Take the lines below beginning at the line that has "পলিটিক্সও হতে পারে’" and stopping after the line that has "26 Dark Green", and print them exactly as they are, with no other lines.
*** Records supplied ***
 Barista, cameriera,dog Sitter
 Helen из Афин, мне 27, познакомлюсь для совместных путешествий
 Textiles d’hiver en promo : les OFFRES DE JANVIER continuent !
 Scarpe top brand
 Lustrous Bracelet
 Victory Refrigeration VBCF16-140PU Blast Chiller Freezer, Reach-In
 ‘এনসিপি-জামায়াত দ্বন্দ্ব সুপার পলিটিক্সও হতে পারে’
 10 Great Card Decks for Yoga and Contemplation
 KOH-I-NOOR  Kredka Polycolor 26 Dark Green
***
*** Records supplied ***
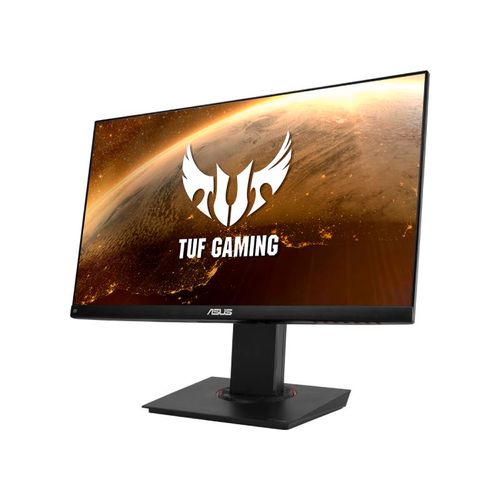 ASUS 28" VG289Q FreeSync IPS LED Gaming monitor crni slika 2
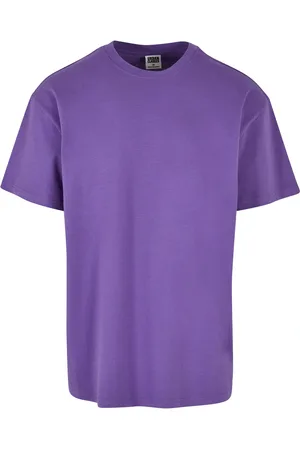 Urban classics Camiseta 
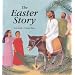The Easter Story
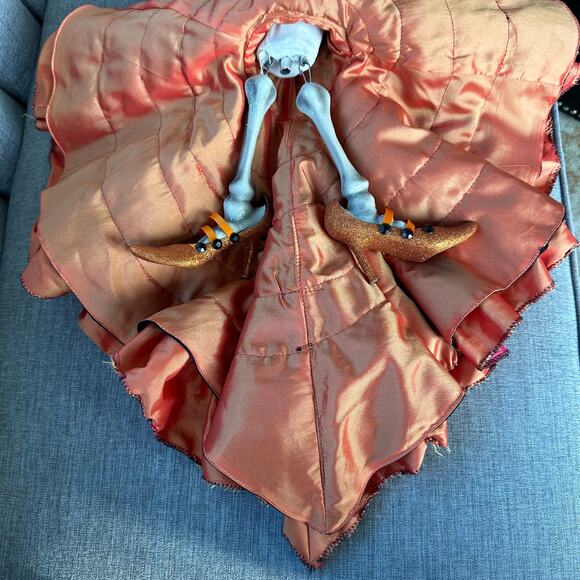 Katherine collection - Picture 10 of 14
***
Solution:
 ‘এনসিপি-জামায়াত দ্বন্দ্ব সুপার পলিটিক্সও হতে পারে’
 10 Great Card Decks for Yoga and Contemplation
 KOH-I-NOOR  Kredka Polycolor 26 Dark Green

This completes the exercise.